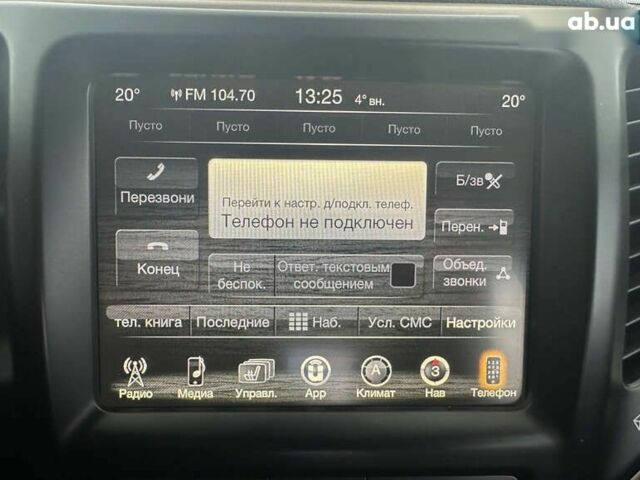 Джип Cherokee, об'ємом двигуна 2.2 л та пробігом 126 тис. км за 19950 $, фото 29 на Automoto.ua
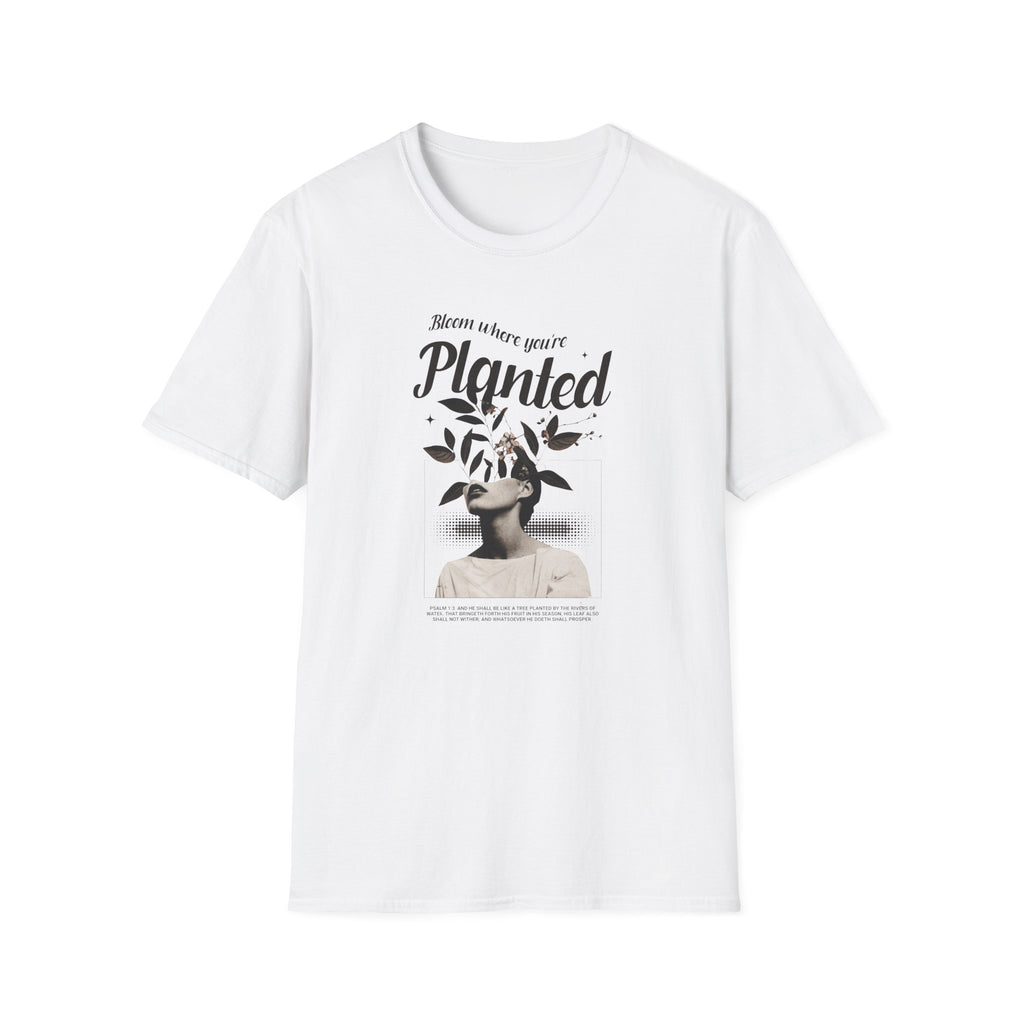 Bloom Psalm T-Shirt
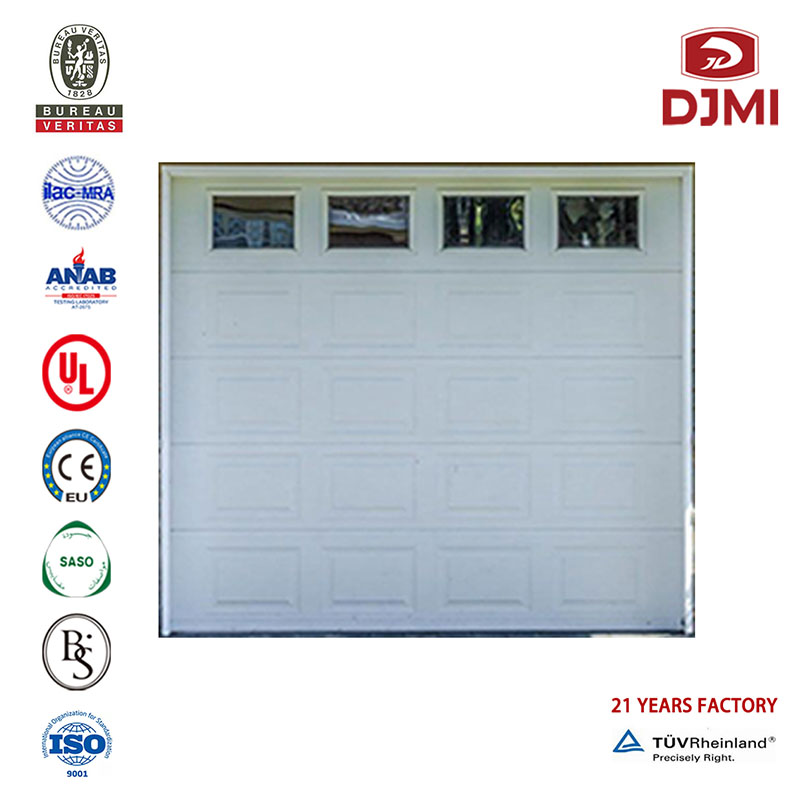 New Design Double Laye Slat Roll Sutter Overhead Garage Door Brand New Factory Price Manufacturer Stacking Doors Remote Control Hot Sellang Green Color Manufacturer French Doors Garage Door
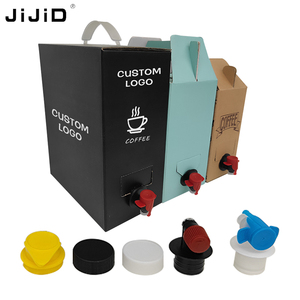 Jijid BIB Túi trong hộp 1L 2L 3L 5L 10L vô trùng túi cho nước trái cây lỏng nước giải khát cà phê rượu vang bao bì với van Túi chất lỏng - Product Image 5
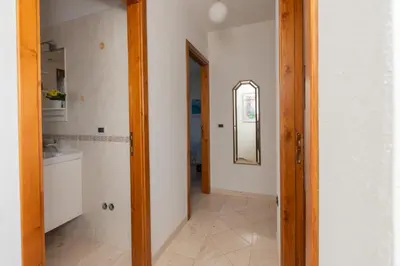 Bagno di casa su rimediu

Task objective
Your copy should be the entries retyped exactly, with no images in it.

Answer space
 Джип Cherokee, об'ємом двигуна 2.2 л та пробігом 126 тис. км за 19950 $, фото 29 на Automoto.ua
 Bloom Psalm T-Shirt
 New Design Double Laye Slat Roll Sutter Overhead Garage Door Brand New Factory Price Manufacturer Stacking Doors Remote Control Hot Sellang Green Color Manufacturer French Doors Garage Door
 Jijid BIB Túi trong hộp 1L 2L 3L 5L 10L vô trùng túi cho nước trái cây lỏng nước giải khát cà phê rượu vang bao bì với van Túi chất lỏng - Product Image 5
 Bagno di casa su rimediu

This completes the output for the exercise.